Talihsizliklerle dolu hayat hikâyelerimiz var, ne şüphe! Yoksunluklarla, çaresizliklerle örülü acımasız koşulların bağrından çıkıp geldiğimizden, farklı koşullarda farklı tercihler yapabileceğimiz savunusu kısmen kabul edilebilir. Karanlık iç dünyamız, tehlikeli eğilimlerimiz, faciaya meyilli ölçüsüz arzularımız, konaklayacağı bir doyum eşiği bulamayan açlığımız, ürkütücü niyetlerimiz var. Görmezden gelinebilir; kara bahtımız, acınası tarihimiz, bitmeyen kuşatılmışlığımız, muazzam mazeret olarak perişan yalnızlığımız hepsini, doğruya doğuştan kabiliyetsiz kusurlarımızın tümünü bağışlatabilir. Ama burada mesele kötü tasarılarımız, yağmaya meyilli iç dünyamız, nihayetinde fazlaca kurcalanmış arızalı tabiatımız değil. Suç işledik, korkunç suçlar işledik. Feci neticeye sebep salt hastalıklı ruhumuz değil, eğlenceyle bir tuttuğumuz sefil eylemlerimiz. Öyleyse dönüp bakmak gerek, muhasebe şart, suçla göz göze gelmek kesinlikle farz.
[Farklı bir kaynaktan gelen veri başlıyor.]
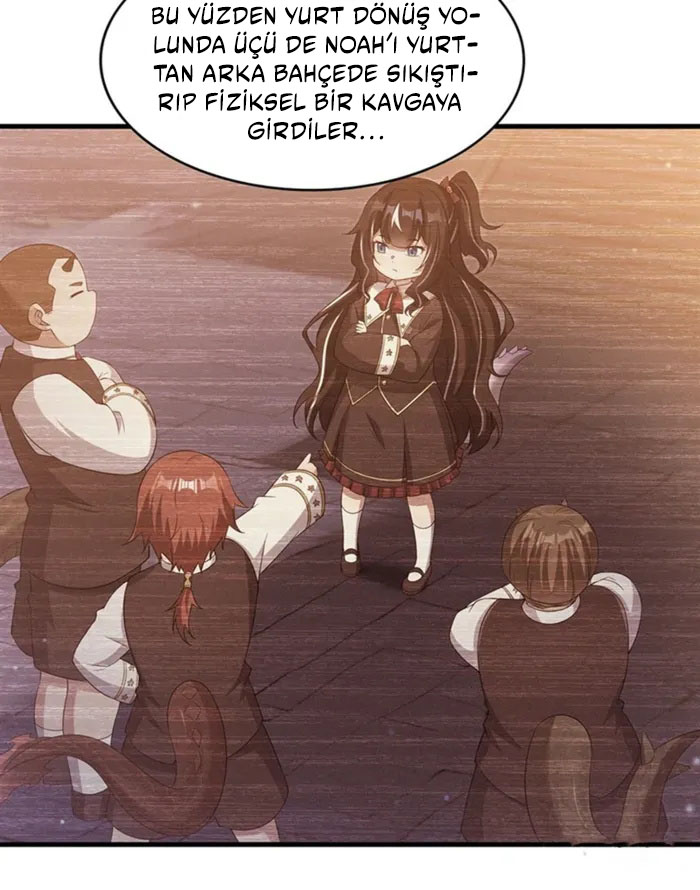 Çeneni Kapa Kötü Ejderha Artık Seninle Çocuk Büyütmek İstemiyorum Bölüm 33 - Sayfa 49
Anımsanmamaya ve görünmemeye istekliyse de bir hesap kitap işi, mazi dediğimiz dünün sıkıcı resimleri. Yüzleşmeden, hesabı kitabı görülmeden bitmez şu karabasan. Gönüllü koşturduğumuz kötülüktü, tüm zamanların ağırlığınca en kestirmeden hızlıca gelsin diye önayak olduğumuz yıkım… Kurban değil failiz, sadece izleyici değil oyuncusuyuz dünün belleğinde, bugünün sahnesinde.
Kalbimiz fesat, yetmezmiş gibi amelimiz kötü. Kazdığı kuyuya düşenin, büzüştüğü nemli karanlıkta yankılanan yapışkan yakarıları. Bitmek bilmeyen, içtenlikle yolu kesişmemiş masumiyet mırıltıları, gerçek bir acıdan içmemiş incinmişlik havaları. Bir kez gönül verdikten sonra, hile, ölümüne sevdamız. Sırtından vurduğumuz yeryüzünün son şövalyeleri, sığındığımız ise zamanın kasırgası, yeryüzünün son barbarları. Adalet çığlıkları susmuyor, ama haksızın haklı, suçlunun suçsuz görünme arzusunu dindirecek hiçbir gerçek de artık bulunmuyor. Çağırdık ve geldi, istedik ve oldu. Tek gerçek bu. Sefaletimize görkem kazandıracağını umduğumuz şu hileli sokulganlığımız kimin umurunda! Elleri kolları bağlı sunduktan sonra oturup canavarla birlikte canlı canlı öz çocuğunu yiyenleriz. Çağlar öncesi masallar, kuşaktan kuşağa aktarılan alegorik anlatılar değil bunlar. Dünün, bugünün, şu anın değişmez manzarası.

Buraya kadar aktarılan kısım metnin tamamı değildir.